Estaba sentado en una de las enormes jardineras del Palacio de Bellas Artes, viendo sus cabellos negros y lacios flotando frente a mis ojos, en un va y ven hipnótico que terminó por perderme en la inmensidad de mis deseos y en lo profundo de mis ideas.

Una escultura de corte greco-romano y la arquitectura del lugar, el aroma a hierba evaporada, los colores de la gente y la calidez de los niños mientras hablan con los turistas, quienes mas asombrados que en sus primeros días en el mundo repetían sin parar “I can´t understand”.

Y otra vez sus cabellos sobre mis ojos, tratando de cegarme, dejando en claro su presencia y la falta de mi voz sobre las ondas de la suya.
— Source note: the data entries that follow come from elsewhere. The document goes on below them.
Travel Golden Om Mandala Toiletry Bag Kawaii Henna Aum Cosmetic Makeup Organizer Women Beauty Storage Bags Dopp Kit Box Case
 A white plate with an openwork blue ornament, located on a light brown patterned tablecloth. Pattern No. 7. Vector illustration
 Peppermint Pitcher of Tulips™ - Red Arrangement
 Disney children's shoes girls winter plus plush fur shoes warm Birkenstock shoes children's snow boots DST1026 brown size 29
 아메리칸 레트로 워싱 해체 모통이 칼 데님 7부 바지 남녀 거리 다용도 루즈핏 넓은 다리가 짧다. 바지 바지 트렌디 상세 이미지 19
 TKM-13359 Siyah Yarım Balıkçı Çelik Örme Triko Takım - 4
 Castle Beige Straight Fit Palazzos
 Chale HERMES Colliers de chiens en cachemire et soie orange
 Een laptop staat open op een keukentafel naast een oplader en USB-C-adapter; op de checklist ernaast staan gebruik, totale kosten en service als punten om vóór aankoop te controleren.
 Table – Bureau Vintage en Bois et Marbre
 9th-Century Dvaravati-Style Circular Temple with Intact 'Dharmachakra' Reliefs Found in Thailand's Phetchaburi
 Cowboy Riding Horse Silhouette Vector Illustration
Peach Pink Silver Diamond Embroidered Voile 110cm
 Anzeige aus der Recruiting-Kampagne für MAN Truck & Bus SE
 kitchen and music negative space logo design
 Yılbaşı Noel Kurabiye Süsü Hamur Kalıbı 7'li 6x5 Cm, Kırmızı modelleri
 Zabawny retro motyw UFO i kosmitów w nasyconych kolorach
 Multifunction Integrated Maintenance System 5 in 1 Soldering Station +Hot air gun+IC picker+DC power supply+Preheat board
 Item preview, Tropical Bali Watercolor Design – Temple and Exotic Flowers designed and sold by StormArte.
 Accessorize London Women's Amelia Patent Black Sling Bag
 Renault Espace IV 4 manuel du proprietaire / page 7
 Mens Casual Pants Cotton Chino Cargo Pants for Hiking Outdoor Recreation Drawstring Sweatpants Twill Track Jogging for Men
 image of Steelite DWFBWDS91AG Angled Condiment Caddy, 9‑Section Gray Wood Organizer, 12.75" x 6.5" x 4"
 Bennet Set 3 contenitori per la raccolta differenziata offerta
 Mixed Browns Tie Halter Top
Su espíritu se transforma, se vuelca sobre las olas del viento, mis cabellos cubren las ideas y me vuelvo viento también, mientras el sol se muere en un segundo, las nubes lo cubren y lo cargan hasta su balsa, en donde se lleva a cabo el funeral vikingo de todos los días.

Y no es que sea relevante, solo hay que llenar el espacio que dejan las tareas cotidianas con algo, para dar la ilusión que seguimos en nuestro mundo, en nuestro pequeño y frágil mundo azul.

De ahí el vacío, el vacío de mi, de todos, el vacío de uno.